You start with a representation of $\delta$, do some manipulations of formulas with complete disregard to their validity, and you end up with a limit that does not exist. In this sense you do actually get the correct result in the end: $\int_0^1 \delta(0){\rm d}x$ does not exist as a consistent mathematical expression, but there are many mistakes and misconceptions in this derivation so I would not have been surprised if you ended up with a finite result in the end. Let's try to go through it step by step.

The first thing that is sketchy here is that throughout this derivation you treat $\delta$ as it's a normal function. It's not. This is sometimes perfectly fine when doing calculations if you know what you are doing and the limitations of this. You overstepped these limitations here. Whenever you do this and end up with strange results then it's very likely that you have "broken the rules" at one or more steps.

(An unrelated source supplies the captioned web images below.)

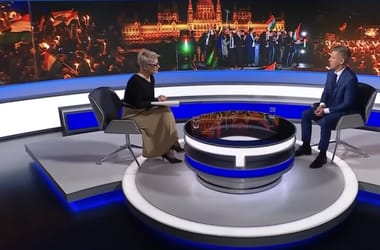 Kirúgták a Magyar Péterrel a választás után kellemetlen interjút készítő riportereket is a közmédiától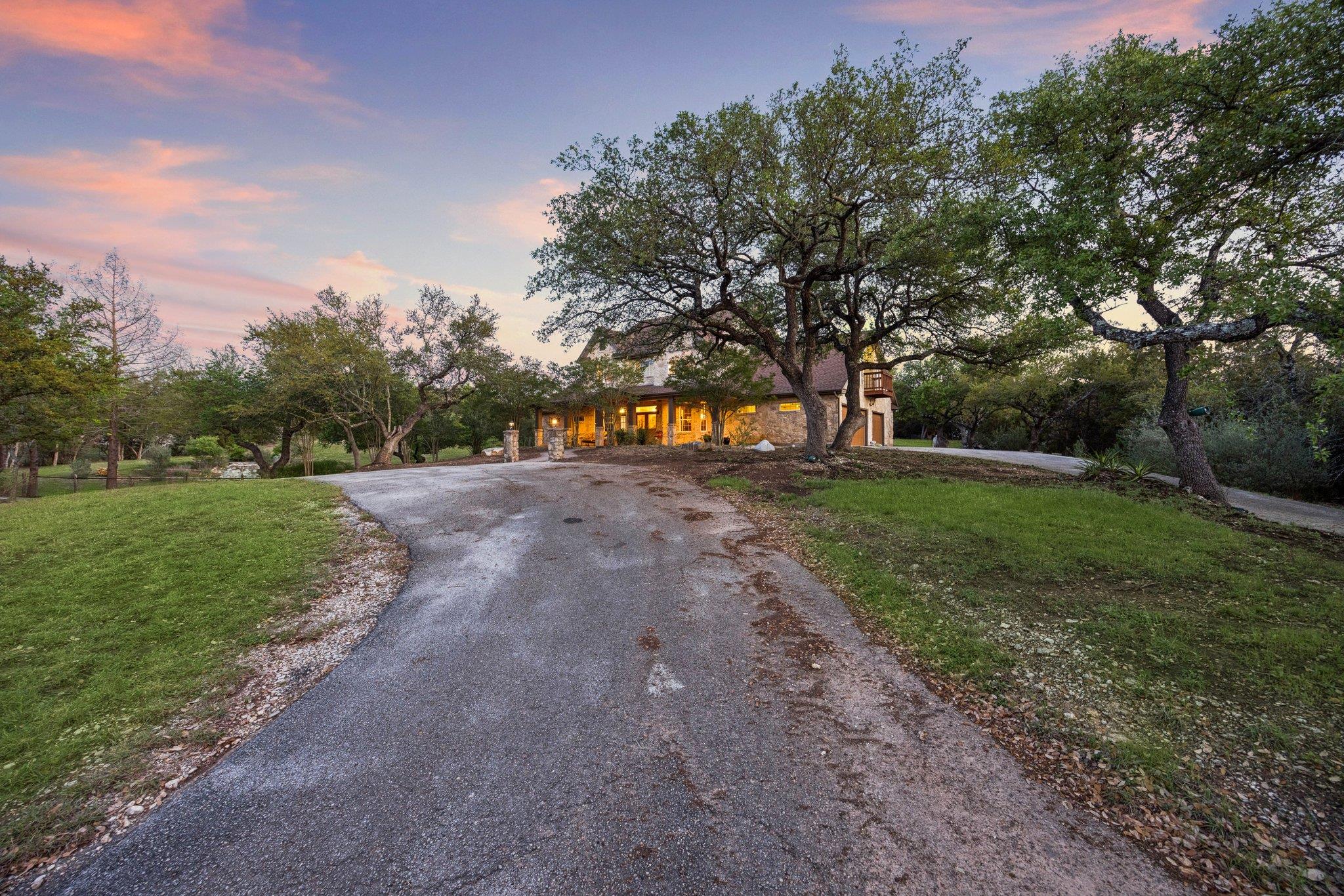 13 Carriage House Ln, Austin, TX 78737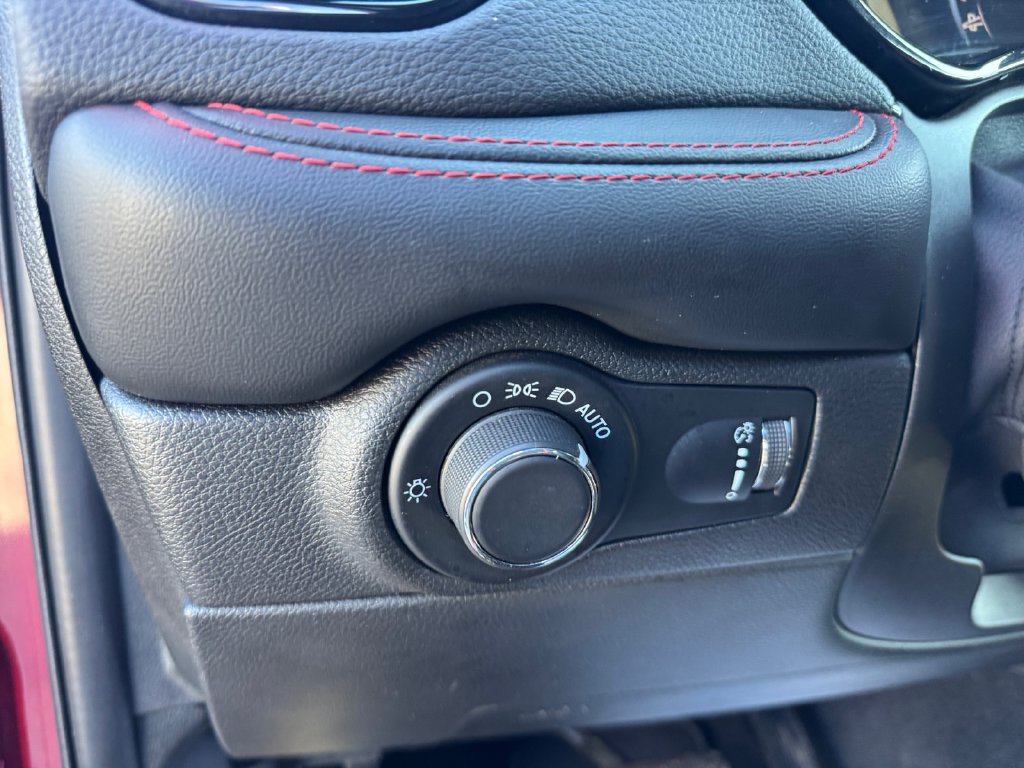 Used 2024 Dodge Durango GT AWD/4WD image 33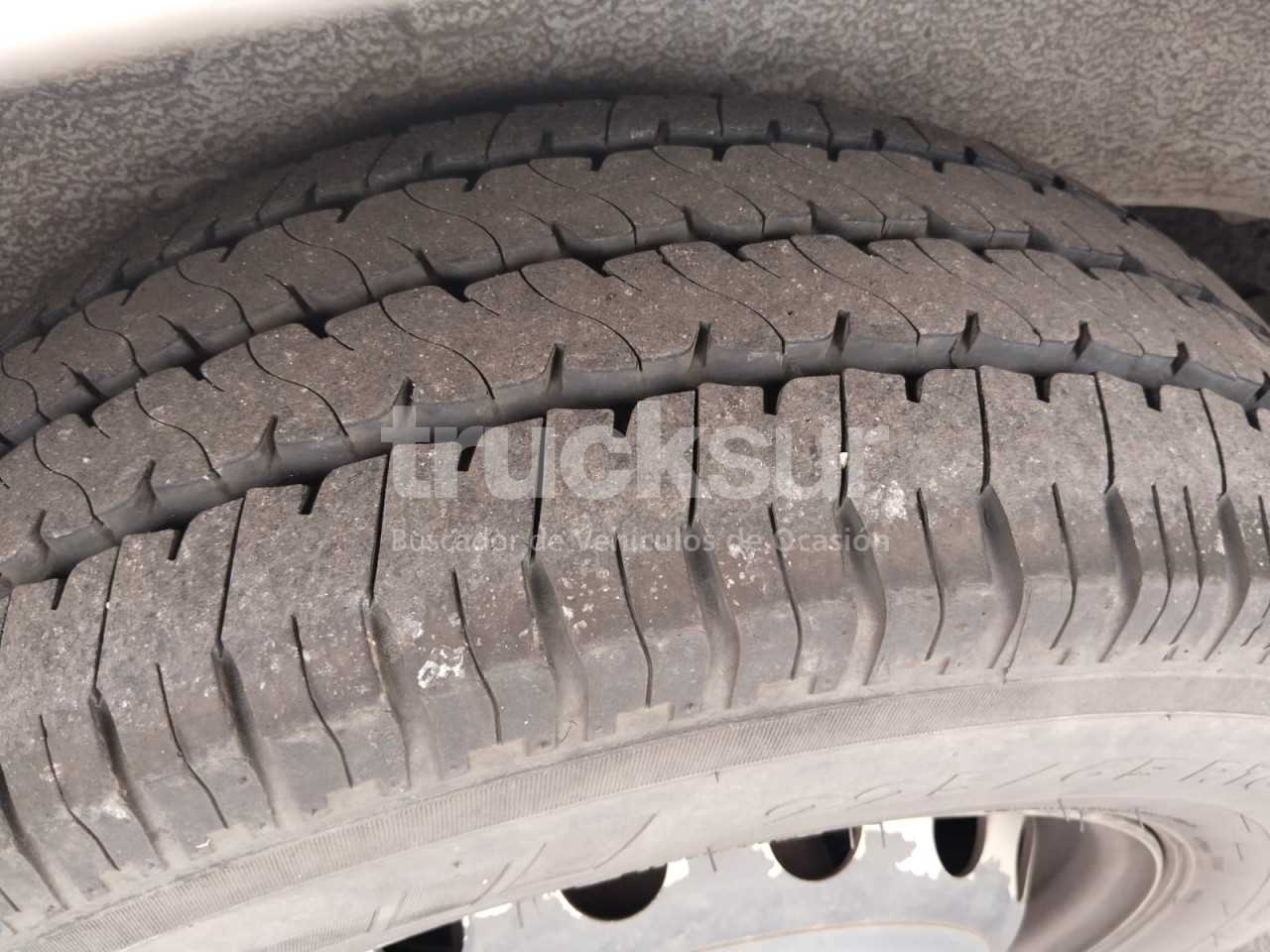 renault-master-130-35-76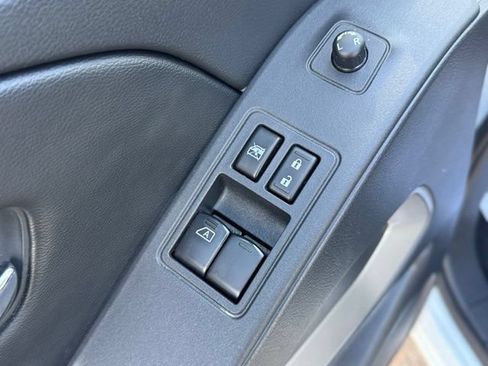 Used 2025 Nissan Frontier SV RWD image 8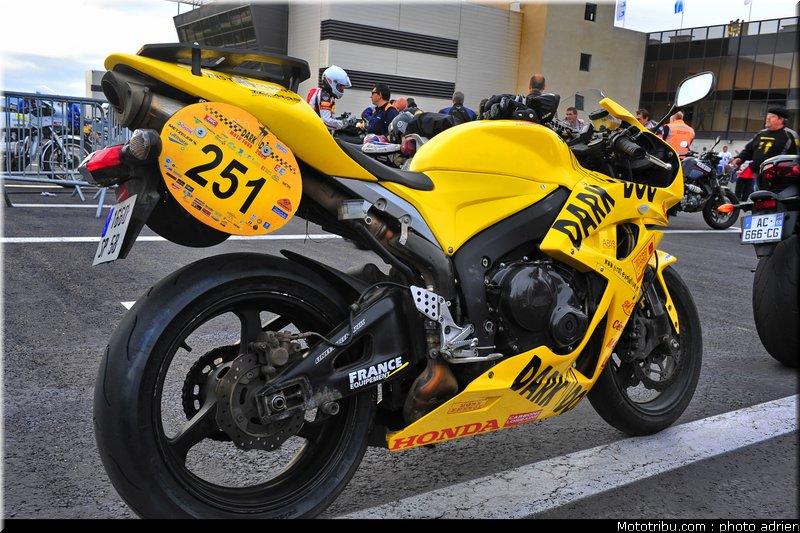 moto_tour_2009_paul_ricard_parking_0074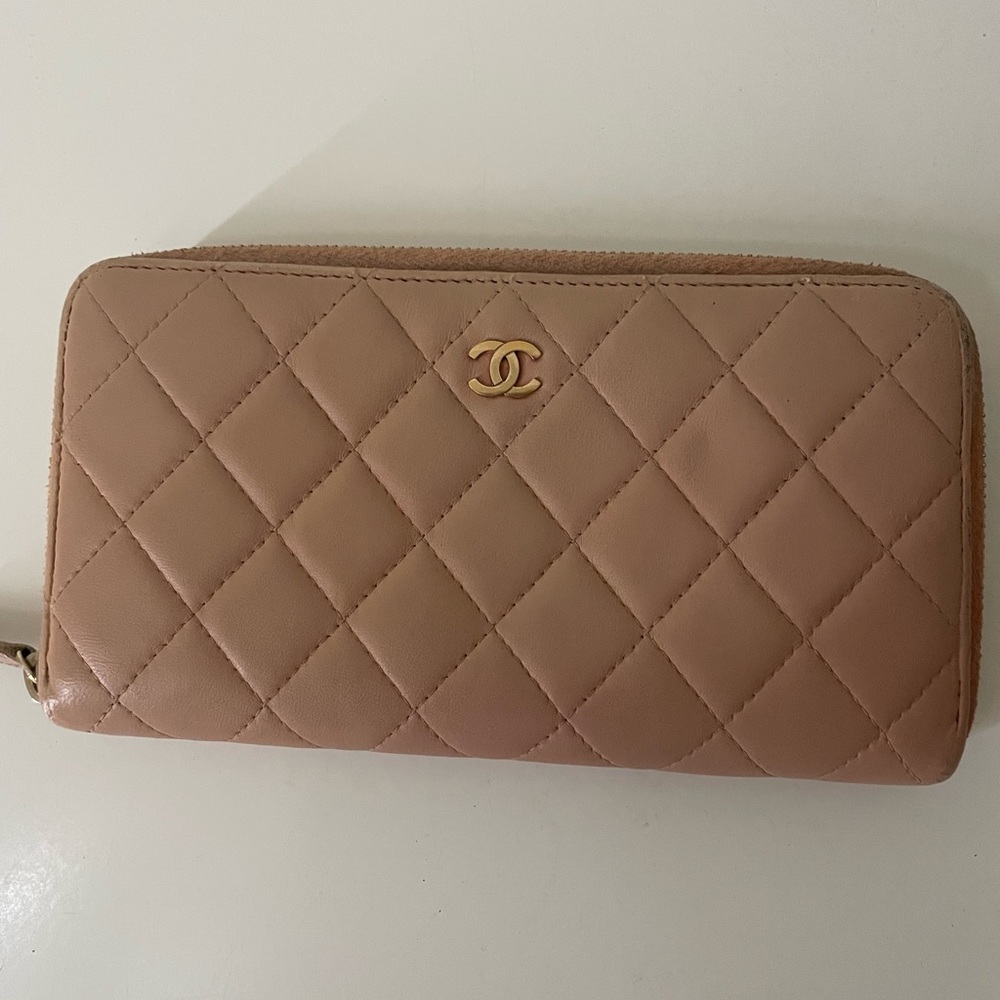 Chanel Matelasse Quilt beige wallet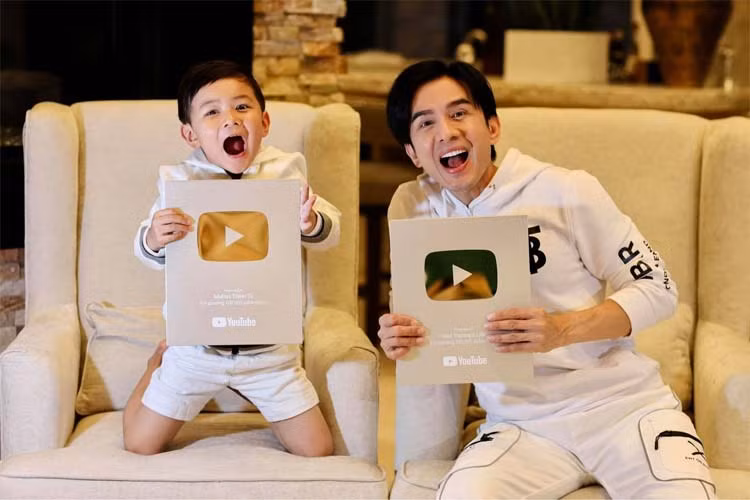 Mặc dù bố mẹ chia tay nhưng do cách cư xử khéo léo của Đan Trường và Thuỷ Tiên nên bé Mathis luôn vui vẻ vì được ba mẹ quan tâm.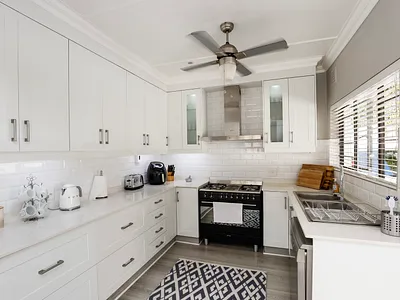 4 Bedroom House For Sale in Durban North - 9OT9.webp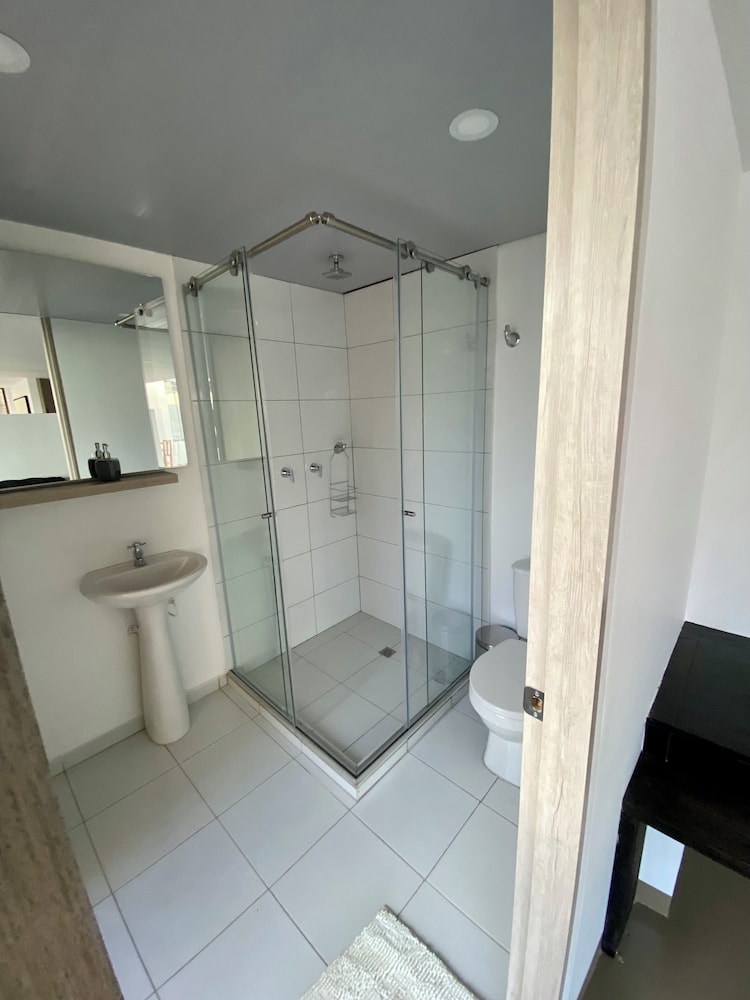 OPE SUITES CALLE 100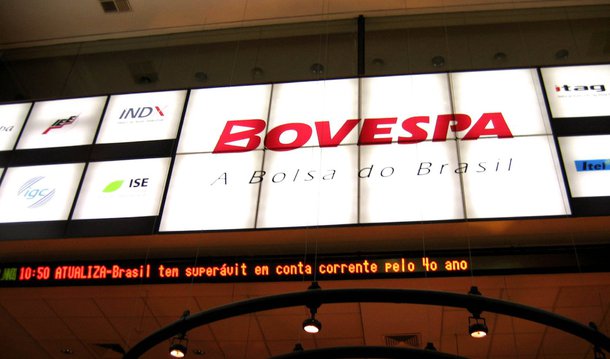 O principal índice da Bovespa fechou com alta de 3,7% nesta sexta-feira, 8, a 50.292 pontos; na máxima, o índice saltou 4%; volume financeiro somou R$ 8 bilhões, acima da média diária de abril; já o dólar fechou com a maior queda em seis meses, 2,63%, e fechou a semana cotado a R$ 3,5965 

The main mistake you have done is in taking $\delta(0) = \lim_{x\to 0} \delta(x)$. First of all $\delta$ is not continuous at $x=0$ which we would need for such an expression to be true and secondly there is no consistent value we can assign to $\delta(0)$ and have it satisfy the properties we want like $\int_{-\infty}^\infty \delta(x)f(x){\rm d}x = f(0)$ for "all" test functions $f(x)$.

You then integrate an expression that does not exist over $[0,1]$ and the result will be something that does not exist. However for arguments sake let's treat the right hand side of this as it was a legitimate expression.

Next you interchange the integration $\int_0^1{\rm d}x$ with the limit $\lim_{u\to 0}$ which cannot be justified in this case and next you interchange the two integrals $\int{\rm d}x\int {\rm d}t\to \int {\rm d}t\int{\rm d}x$ which you don't justify (see Fubini's theorem for conditions when this is allowed. At least you mention this which is something positive.

Then you correctly evaluate two integrals and finally you end up with a limit that does not exist. At least the "does not exist" is consistent thoughout the calculation.

The take away message here is that one should try to be very careful when doing calculations like this. The most important thing is to make sure the things you manipulate actually exists / are well defined in the first place and be careful to check that the manipulations you do are allowed (interchanging limits and integrals etc.).

• by the way, the both limits exist, $\lim_{x\to0}\delta(x)=0$ and $\lim_{x\to0} \frac{\operatorname{sgn} x} x=1$. Of course, my calculation is totally wrong, the limits are irrelevant here. – Anixx Jan 19 '17 at 1:50
• I think the answer is either what is shown in the bottom of the question or simply $\delta(0)$. – Anixx Jan 19 '17 at 1:51
• @Anixx No. $\frac{\text{sign}(x)}{x} = \frac{1}{|x|} \to \infty$ as $x\to 0$ does not exist. And my point for the other part was that $\lim_{x\to 0} \delta(x) \not = \delta(0)$ (this would be true if $\delta$ was a function and if it was continuous neither of which it is). – Winther Jan 19 '17 at 1:54
• Oh, yes, the second limit does not exist (or rather, is infinite). The first one does. – Anixx Jan 19 '17 at 1:55
• @Anixx If we treat $\delta(x)$ as a function satsfying $\delta(x) = 0$ for all $x\not = 0$ then we would have $\lim_{x\to 0}\delta(x) = 0$. However you cannot assign $\delta(0)$ to this value. You are assuming continuity by doing this. It's not continuous. – Winther Jan 19 '17 at 2:01

Suppose we were to start over with setting up mathematics to do calculus, but now in a ultrafinitistic way; all calculations are done on finite lattices and the continuum limit is only taken at the end of the calculations. Then in an intermediary result before you take such a continuum limit, you can indeed give such an expression the interpretation of counting the number of points in the interval. But this then tends to infinity in the continuum limit.